### Provided information

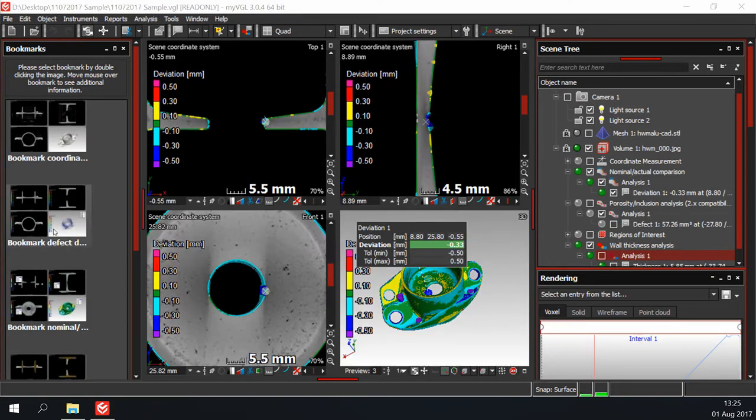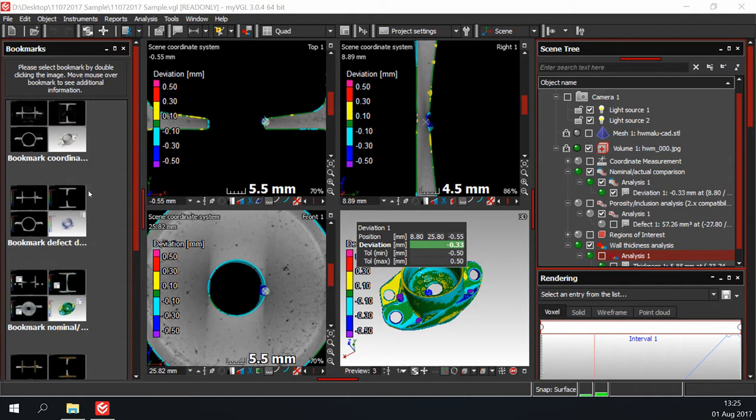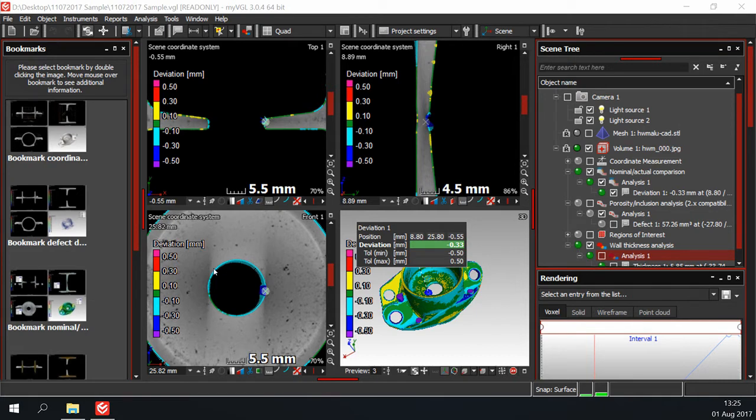At first glance you'll see the following layout. On the left there is a bookmarks bar. In the center there are four windows. Three of them are 2D views through the X, Y, and Z axis.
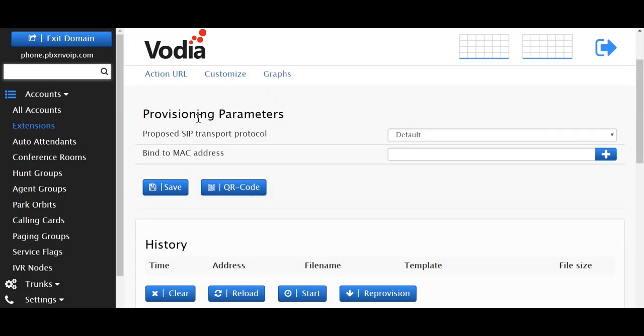We will cover provisioning with the Vodia PBX in our next video. For now, I hope you enjoyed this video and there will be more to come. Please subscribe and have a great day.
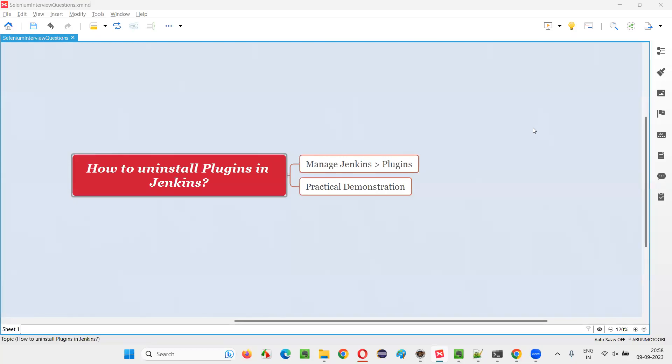Hello all, welcome to this session. In this session, I'm going to answer one of the Selenium interview questions: how to uninstall plugins in Jenkins.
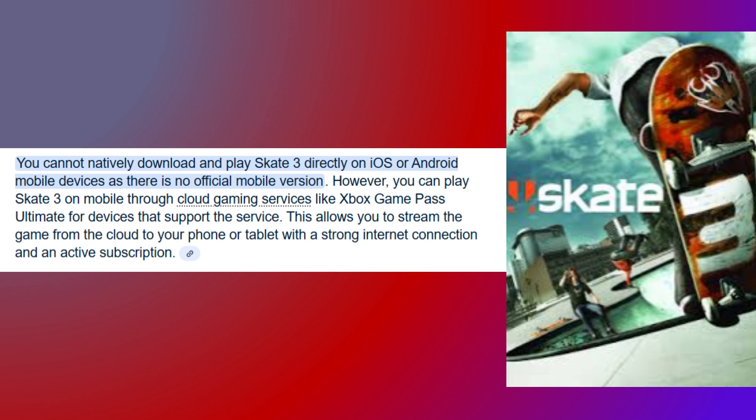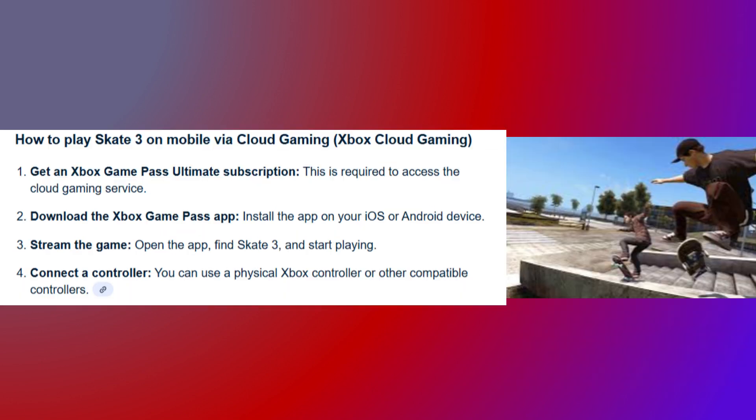However, you can play Skate 3 on mobile through cloud gaming services like Xbox Game Pass Ultimate, for devices that support the service. This allows you to stream the game from the cloud to your phone or tablet with a strong internet connection and an active subscription.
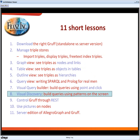I've divided this webinar into 11 short lessons. First, I'm going to make sure that you know what kind of graphs we have and what we need to download for the webinar today.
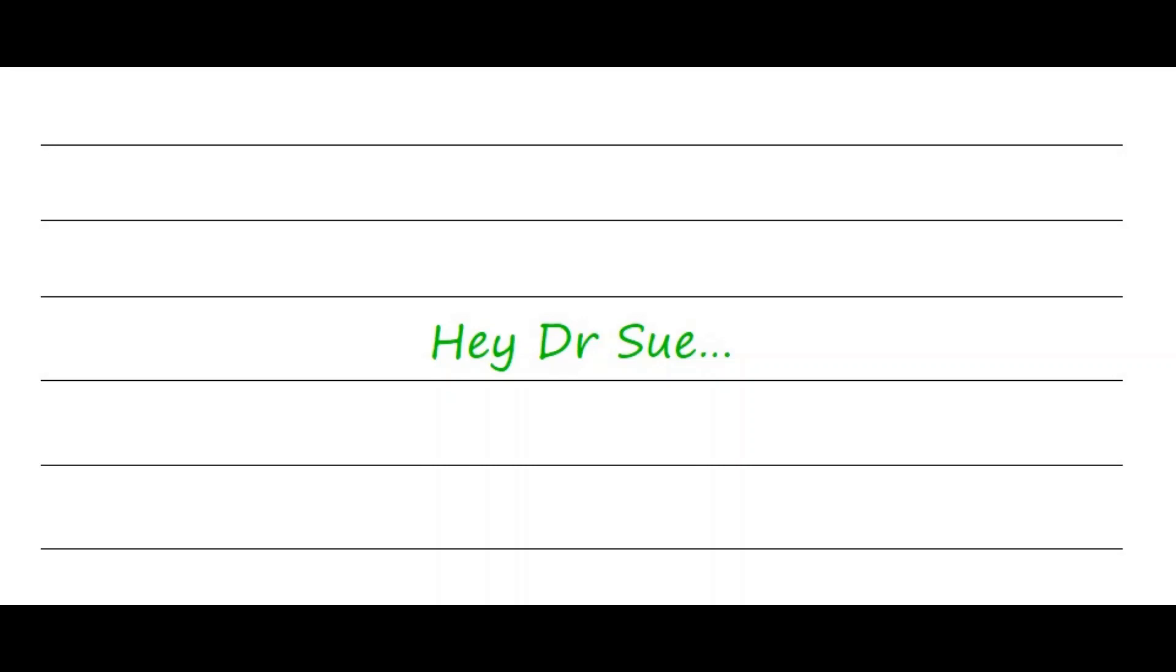Welcome to Hey Dr. Sue. People submit their sex questions to me anonymously and once a week I post one question and one answer. Do you have a sex question you've always wanted answered? Go ahead and check out the description for information on how to submit it anonymously.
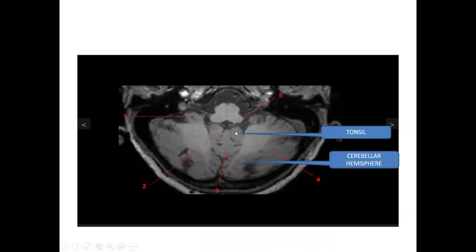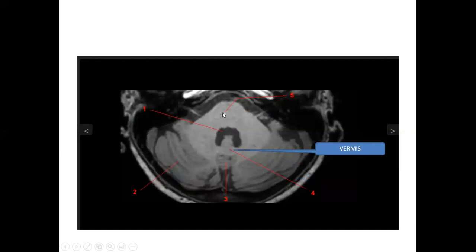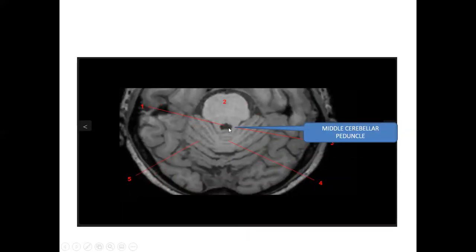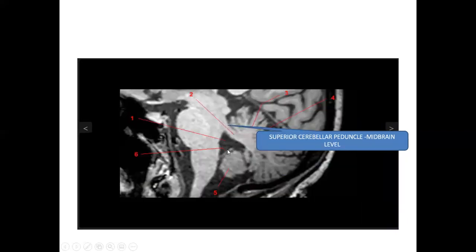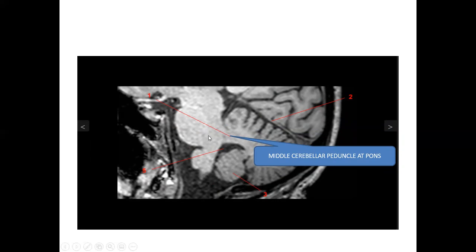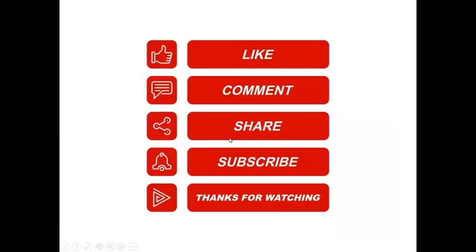You can see the cerebellar tonsils on both sides, the cerebellar vermis, and the cerebellar hemispheres. This is the superior and middle cerebellar peduncle communicating between the pons and cerebellum, and this is the fourth ventricle. The vermis has two parts: superior cerebellar vermis and inferior cerebellar vermis. The middle cerebellar peduncle communicates between the pons and cerebellum, and the superior cerebellar peduncle communicates between the midbrain and cerebellum. You can appreciate the middle cerebellar peduncle here clearly.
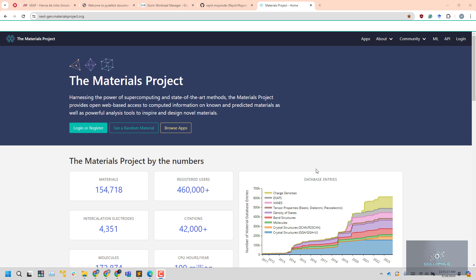Hello everyone. This playlist of tutorials will cover how you can run basic VASP calculations and how you can run DFT simulations for defect analysis — point defect analysis to be more specific.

### Instructions to follow
In the entries above, find the line containing "We will cover" and the line containing "I've divided this"; give again exactly those two lines and every line between them, minus the pictures.

### Completed exercise
We will cover provisioning with the Vodia PBX in our next video. For now, I hope you enjoyed this video and there will be more to come. Please subscribe and have a great day.
Hello all, welcome to this session. In this session, I'm going to answer one of the Selenium interview questions: how to uninstall plugins in Jenkins.
However, you can play Skate 3 on mobile through cloud gaming services like Xbox Game Pass Ultimate, for devices that support the service. This allows you to stream the game from the cloud to your phone or tablet with a strong internet connection and an active subscription.
I've divided this webinar into 11 short lessons. First, I'm going to make sure that you know what kind of graphs we have and what we need to download for the webinar today.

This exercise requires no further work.